3. The method for generating digital human voice and facial animation from text according to claim 1, wherein: according to the text emotion analysis, emotion tendencies in the text are recognized and understood according to the processed text content so as to convey proper emotion colors in the synthesized voice, parameters and models of a voice synthesis system can be adjusted by recognizing the emotion tendencies in the text, so that the generated voice can better express corresponding emotion in terms of intonation, speech speed, volume and the like, and the voice synthesis system can generate corresponding emotion response by analyzing emotion according to the text content input by a user, so that more emotional and personalized interaction experience is provided.

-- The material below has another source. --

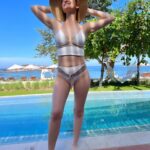 Sarah Drew Instagram - Take me back… @stregispuntamita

4. The method for generating digital human voice and facial animation from text according to claim 1, wherein: the construction of the acoustic model uses an acoustic model with a variational automatic encoder, semantic vectors of text are used as input, an acoustic feature representation is generated, the encoder of the automatic encoder maps the semantic vectors to Gaussian distribution in a potential space, potential codes are obtained through random sampling, then a decoder of the automatic encoder maps the potential codes to the acoustic feature representation, pronunciation rules are input into a pre-trained voice encoder, and the voice encoder generates feature representations of voice signals according to the pronunciation rules.

5. The method for generating digital human voice and facial animation from text according to claim 1, wherein: the stop words are common words which frequently appear in the text but usually do not carry too much semantic information, such as prepositions, conjunctions, pronouns and the like, and feature dimensions can be reduced by removing the stop words, so that model effect and calculation efficiency are improved.

6. The method for generating digital human voice and facial animation from text according to claim 1, wherein: the data are prepared into a text and voice data set for training, the data set comprises a text and a corresponding voice sample, the text and the voice data set are used for establishing a mapping relation between the text and the voice, the text at the moment is a text which is already classified after a series of processing, and the voice is also classified into three voice speeds of positive, neutral and negative in the same way, and the voice of the part is classified into manual classification.